Już 40 proc. Polaków przeciw uchodźcom z Ukrainy
Zwrócił uwagę, że znaczący spadek poparcia odnotowano począwszy od wiosny 2023 r. co było związane z doniesieniami o tzw. kryzysie zbożowym. W marcu 2022 r. przeciwników przyjmowania uchodźców z Ukrainy było 3 proc., a obecnie tego zdania jest 40 proc. respondentów.

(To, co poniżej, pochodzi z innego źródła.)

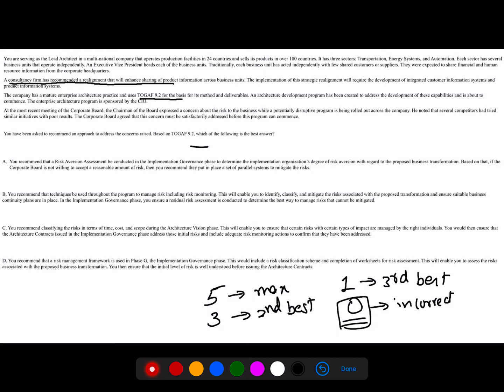The company already has an enterprise architecture practice under TOGAF 9.2, and an architecture development program has been created to address the development of these capabilities. A new ADM cycle is about to start that will handle the realignment so that information can be shared between the silos. However, at the most recent corporate board meeting, the chairman expressed concern about the risk to the business — which is the key focus here relating to risk assessment in TOGAF.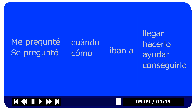She asked herself — or she wondered — when they were going to do it. She wondered when they were going to do it.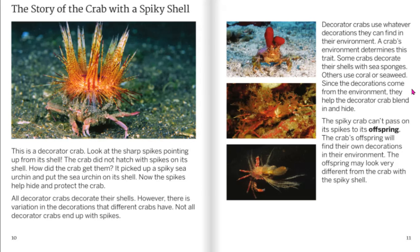Since the decorations come from the environment, they help the decorator crab blend in and hide. The spiky crab can't pass on its spikes to its offspring. The crab's offspring will have to find their own decorations in their environment, and the offspring may look very different from the crab with the spiky shell.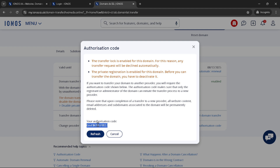And that's it. You've successfully navigated the steps to initiate a domain transfer from IONUS. Remember to check in with your new provider to ensure everything is progressing as it should. Transferring a domain might seem daunting at first, but with the right preparation and understanding, it can be a smooth and straightforward process. I hope this guide has been helpful, and if you have any questions or need further assistance, IONUS support is a great resource, as is the support team of your new domain provider. Happy transferring!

Poparcie dla przyjmowania ukraińskich uchodźców zadeklarowało 47 proc. kobiet wobec 60 proc. mężczyzn. Według CBOS, przyjmowanie uchodźców rzadziej popierają prawicowcy 53 proc. wobec 68 proc. osób deklarujących poglądy lewicowe. Najbardziej przychylni przyjmowaniu Ukraińców są wyborcy koalicji rządzącej: Koalicji Obywatelskiej (71 proc. za przyjmowaniem 25 proc. było odmiennego zdania), Lewicy 81 proc. za a 18 proc. przeciwnych) i Trzeciej Drogi (72 proc. za a 27 proc. przeciw). Natomiast bardziej podzieleni w tej kwestii są zwolennicy partii opozycyjnych czyli Prawa i Sprawiedliwości (49 proc. wobec 42 proc. przeciw) oraz Konfederacji Wolność i Niepodległość (52 proc. za wobec 45 proc. przeciw).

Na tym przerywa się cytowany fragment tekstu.